Oh, let it be word of death! Let it be word of vengeance!
“How you must have longed for his death,” breathed the Dark Father. “It need be only one death for him, for he is no true Faerie king, this thief of mortal lands. But when you came to yourself, when you recalled your fire and blazed once more, you did not kill him. Why not, Hri Sora? Why did you not destroy Amarok?”
The Dragonwitch bowed her head. She could not bear to admit it, though she knew the Dragon must have guessed already. His laugh told her that she was right.
“He knows your name. He knows your lost name just as you know his. The name that should be forgotten. He knows who you really are!”
The Dark Father leaned down, his hands upon her shoulders, and whispered in his daughter’s ear: “Ytotia. My Lady Who Dances.”
With a moan, Hri Sora pulled away, burying her face in her hands. If only she had tears with which to cry out her shame! How could she have let him discover her name? In what moment of madness or passion had she let it slip? Now, as long as he hid within his own self-made demesne she could not kill him. Amarok, her lover, her enslaver, her dear and hated one! He had made her think she loved him. He had made her believe she was weak and mortal, that it was her honor to be his bride. How she had rejoiced when she carried his children, how she had wept with joy when she bore him twins! Those monsters.
He had made her a silent woman.
Foolish! Hateful! She had loved because she knew no better, and she had made herself vulnerable before him. The fiend. The Beast, unfit to lick the soles of her feet! And he must die. He must die, for she had loved him, and love was not to be borne!
But her flames could not hurt him in his own demesne, stolen though it was. If she’d been in full power, with her wings and her mighty dragon form, the tale would have been different. No one in the mortal world could withstand the Flame at Night!
Her wings were gone, however. Her power reduced. She could not kill Amarok.
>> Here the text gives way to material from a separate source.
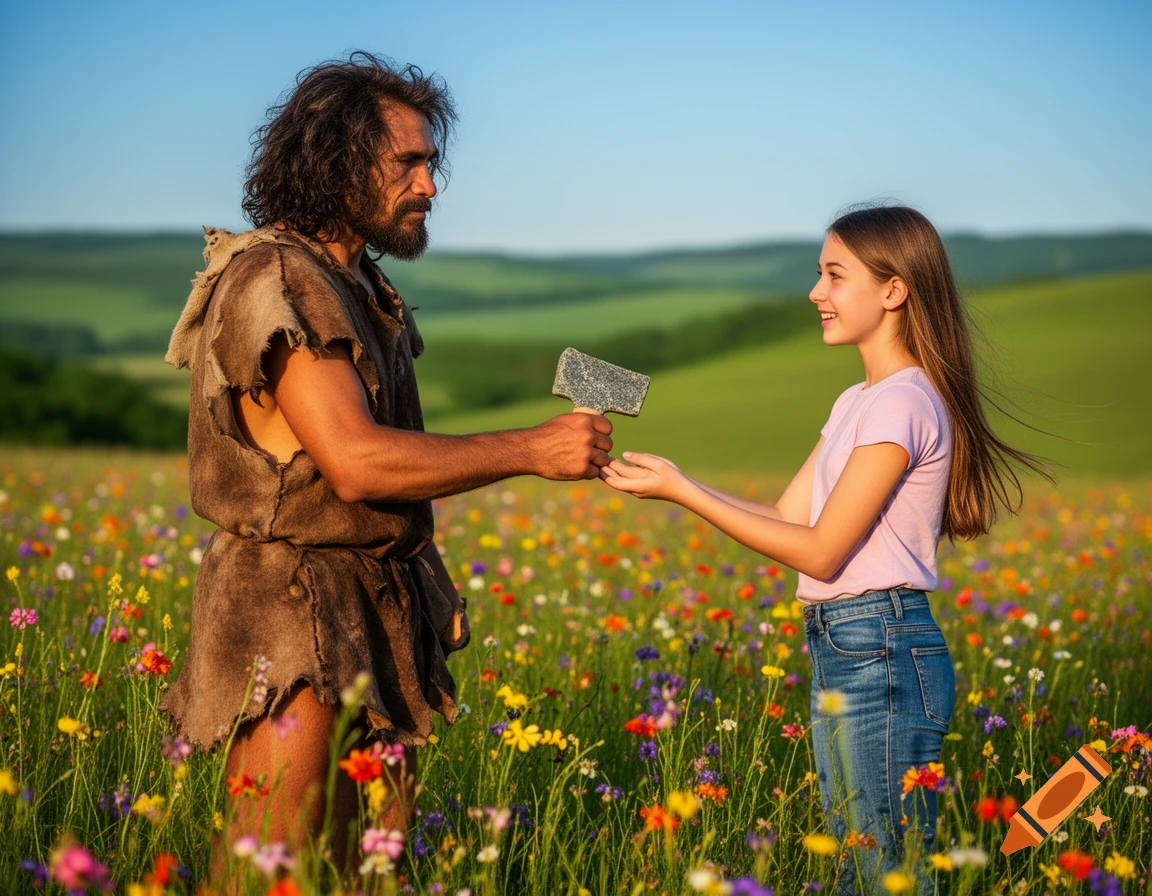 A Stone Age man in furs hands a stone axe to a smiling modern-day girl in a vibrant field of wildflowers under a clear sky.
No matter! He could not stop her flight from the Land, her escape through the mountains and out into the world beyond. He could not keep her children from her, so the three of them fled and stood beyond the Circle of Faces, beyond his power. Then she had called him. She knew his Faerie name. She had heard of Amarok the Wolf, if only in passing, generations before she took her Father’s kiss. She stood on the isthmus separating the Land from the Continent, and she called to him.
“Amarok! Wolf Lord! Come to me and meet your doom!”
He could not resist the call of his true name. And the moment he stepped beyond the Circle of Faces, her fires would consume him.
But then, the worst truth was revealed. His voice called back to her from the caverns: “Ytotia! My ladylove! Your voice has no power over me!”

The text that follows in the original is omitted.